RECORDED INFORMATION
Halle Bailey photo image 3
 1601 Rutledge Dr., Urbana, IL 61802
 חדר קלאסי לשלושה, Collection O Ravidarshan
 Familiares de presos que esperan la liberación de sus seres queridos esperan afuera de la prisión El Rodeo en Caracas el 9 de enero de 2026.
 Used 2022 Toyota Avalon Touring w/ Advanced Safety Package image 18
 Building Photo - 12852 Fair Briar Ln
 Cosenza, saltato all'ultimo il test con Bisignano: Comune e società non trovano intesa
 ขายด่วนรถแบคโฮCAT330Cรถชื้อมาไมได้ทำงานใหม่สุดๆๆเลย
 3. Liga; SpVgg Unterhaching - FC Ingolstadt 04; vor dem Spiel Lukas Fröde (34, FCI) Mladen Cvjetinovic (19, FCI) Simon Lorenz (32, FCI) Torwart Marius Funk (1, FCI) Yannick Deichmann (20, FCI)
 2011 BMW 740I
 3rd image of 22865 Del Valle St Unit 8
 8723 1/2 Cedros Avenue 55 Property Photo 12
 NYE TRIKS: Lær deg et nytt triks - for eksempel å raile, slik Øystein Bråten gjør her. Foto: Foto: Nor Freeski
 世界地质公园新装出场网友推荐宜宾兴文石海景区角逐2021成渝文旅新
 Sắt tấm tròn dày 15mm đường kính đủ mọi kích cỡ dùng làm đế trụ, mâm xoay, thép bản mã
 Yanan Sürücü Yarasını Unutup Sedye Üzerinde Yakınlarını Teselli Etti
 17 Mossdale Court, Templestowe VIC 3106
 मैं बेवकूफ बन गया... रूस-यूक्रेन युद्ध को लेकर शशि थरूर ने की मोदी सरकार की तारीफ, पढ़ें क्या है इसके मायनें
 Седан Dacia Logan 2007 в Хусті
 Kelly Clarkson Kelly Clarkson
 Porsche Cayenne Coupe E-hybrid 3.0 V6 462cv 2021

WORK TO BE COMPLETED
Word for word, set down all of the material.

EXERCISE ANSWER
Halle Bailey photo image 3
 1601 Rutledge Dr., Urbana, IL 61802
 חדר קלאסי לשלושה, Collection O Ravidarshan
 Familiares de presos que esperan la liberación de sus seres queridos esperan afuera de la prisión El Rodeo en Caracas el 9 de enero de 2026.
 Used 2022 Toyota Avalon Touring w/ Advanced Safety Package image 18
 Building Photo - 12852 Fair Briar Ln
 Cosenza, saltato all'ultimo il test con Bisignano: Comune e società non trovano intesa
 ขายด่วนรถแบคโฮCAT330Cรถชื้อมาไมได้ทำงานใหม่สุดๆๆเลย
 3. Liga; SpVgg Unterhaching - FC Ingolstadt 04; vor dem Spiel Lukas Fröde (34, FCI) Mladen Cvjetinovic (19, FCI) Simon Lorenz (32, FCI) Torwart Marius Funk (1, FCI) Yannick Deichmann (20, FCI)
 2011 BMW 740I
 3rd image of 22865 Del Valle St Unit 8
 8723 1/2 Cedros Avenue 55 Property Photo 12
 NYE TRIKS: Lær deg et nytt triks - for eksempel å raile, slik Øystein Bråten gjør her. Foto: Foto: Nor Freeski
 世界地质公园新装出场网友推荐宜宾兴文石海景区角逐2021成渝文旅新
 Sắt tấm tròn dày 15mm đường kính đủ mọi kích cỡ dùng làm đế trụ, mâm xoay, thép bản mã
 Yanan Sürücü Yarasını Unutup Sedye Üzerinde Yakınlarını Teselli Etti
 17 Mossdale Court, Templestowe VIC 3106
 मैं बेवकूफ बन गया... रूस-यूक्रेन युद्ध को लेकर शशि थरूर ने की मोदी सरकार की तारीफ, पढ़ें क्या है इसके मायनें
 Седан Dacia Logan 2007 в Хусті
 Kelly Clarkson Kelly Clarkson
 Porsche Cayenne Coupe E-hybrid 3.0 V6 462cv 2021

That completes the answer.